Comment by buu700
4 years ago
I learned that lesson the hard way when I was a teenager.
I'd semi-automated the generation of emails to parents about how their kids were doing at summer camp. It was basically just a script that asked various questions and pulled various data about the camper from the database, then used that to generate a letter that could be used as a starting point and edited to be more personal (or, if in a rush, just sent as-is).
Long story short, due to user error, a value of 0 was set for a camper's behavior/politeness/helpfulness rating, which resulted in a joke sentence that I'd written as an Easter egg getting slipped into that particular report. Cue egg on my face when a parent calls in, baffled about the otherwise normal report containing a casual aside about how terrible their nice little girl was.
After that experience, I always assume that every string in the code will inevitably be seen by a real user/customer.
> assume that every string in the code will inevitably be seen by a real user/customer.
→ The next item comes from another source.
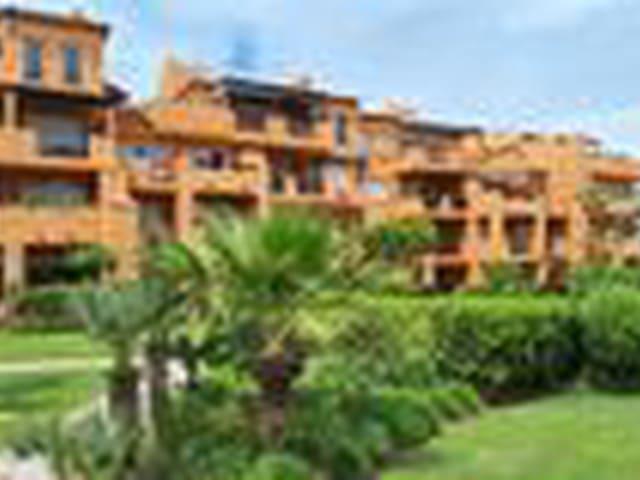 Apartamento en venta en La Duquesa / Puerto de la Duquesa, Málaga Costa del Sol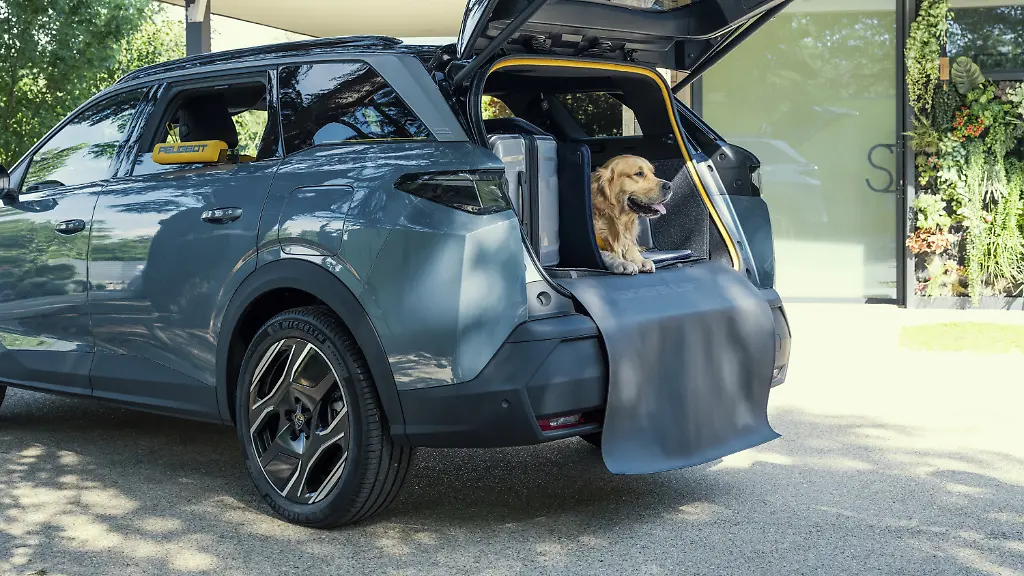 Auf Hunde zugeschnittenes Auto: Peugeot E-5008 Dog Edition – mit Fressnapf und Haustierföhn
That's a good rule, and the same principle can be applied to communications in general. In fact, I have the three rules printed on my office door:
The first production outage of my sysadmin career was when I crashed a university email system at a summer camp (I was a kid attending, probably very early 1990s?) by circumventing the block on emailing the entire university, using the Mac keyboard shortcut Cmd-A to select all in the recipient field in the cc:Mail UI. I apologized for childishly causing harm with something I thought would be funny, and so they decided not to kick me out.